I can’t figure this team out. I could just as easily see them get dominated in three straight as I could see them making a run to the World Series. So perhaps the best thing to do here is look at three reasons each scenario could occur.

First, three reasons the Sox could lose in three straight:

1. The pitching staff hasn’t been the same since around the All-Star break. Chris Sale, I’m talking about you in particular. While Sale could get the Cy Young award, he would do so mainly off the back of his stellar first half of the season. In the second half, he’s been just okay. Drew Pomeranz has been their most consistent starter, which is very telling in a rotation that features two past Cy Young Award winners as well. David Price is in the bullpen, which tells you all you need to know about the $217 million man.

2. This isn’t a particularly good hitting team. In fact, the Red Sox didn’t have a single .300 hitter this season. Xander Bogaerts led the team with a paltry .273 average among those who played most of the season (Dustin Pedroia hit .293 in 105 games), and he hasn’t been the same since he was hit in the hand by a pitch just before the All-Star break; he hit .235 after that. Mookie Betts didn’t repeat his success of a year ago, and while Andrew Benintendi had a nice rookie campaign and shows all kinds of promise, he was still in the .260-.280 range for a lot of the season. That means this team can’t put up runs the way some recent Red Sox teams could.
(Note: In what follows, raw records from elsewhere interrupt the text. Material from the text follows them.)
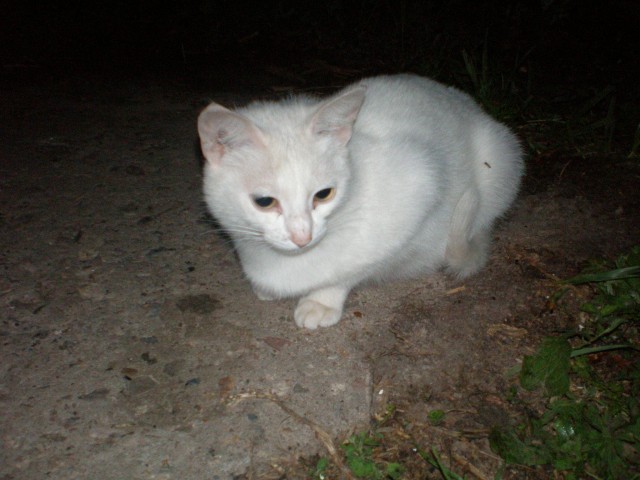 Котовторник 10. 07. 2012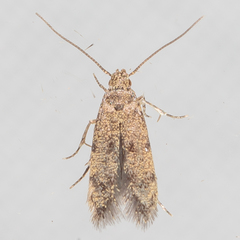 Autostichidae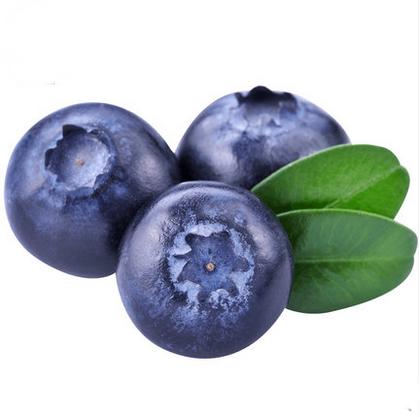 秘鲁蓝莓 商品图4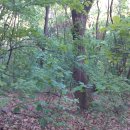 삼싹농장 이미지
3. The Astros are a pretty good team, and the Sox found out about that this past weekend. They have pretty good pitching, too, and a lineup that is much better than what the Red Sox trot out. It tells you something about how good the Indians are that the Astros had just the second-best record in the American League this season.
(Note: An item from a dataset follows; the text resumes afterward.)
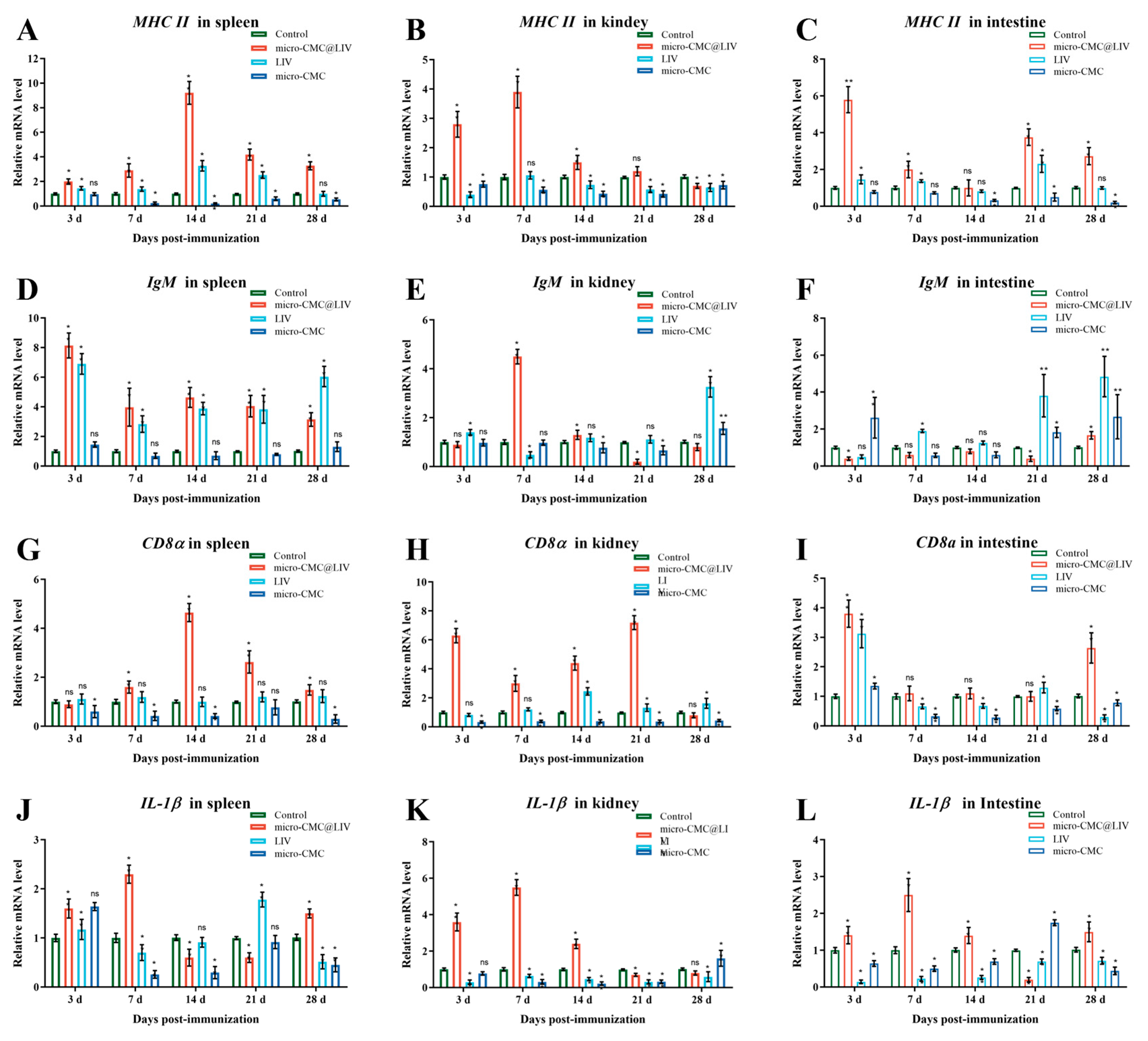 Vaccines 13 00233 g009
Now, three reasons they could make a run to the World Series:

1. The pitching staff is very capable. By November, this staff may have featured three Cy Young Award winners, as noted earlier. At times this season, Rick Porcello looked more like the Porcello of last season than of two years ago, but he could never maintain momentum for very long. On paper, this is a group of pitchers few teams would want to have to potentially face.

2. The bullpen is very good. Craig Kimbrel settled down in his second season in Boston, and he was joined by a very effective group. Joe Kelly, who has a live arm but hasn’t learned to be effective with his off-speed stuff, found a home in the bullpen, and Fernando Abad looked better from the left side. Addison Reed, Heath Hembree and Brandon Workman (when healthy) have helped, and Carson Smith may finally be back from his injury.

3. There’s a toughness about this team that showed in close and/or extra inning games. The Red Sox were phenomenal in extra inning games this season, going 15-3 in such affairs, and in many of those they had to come from behind just to get some free baseball. Simply put, this is a team that can win the tough ones.

This is a good team, but the Red Sox have had better ones than this. It’s fair to say that no playoff result will be all that surprising to me, so let the games begin.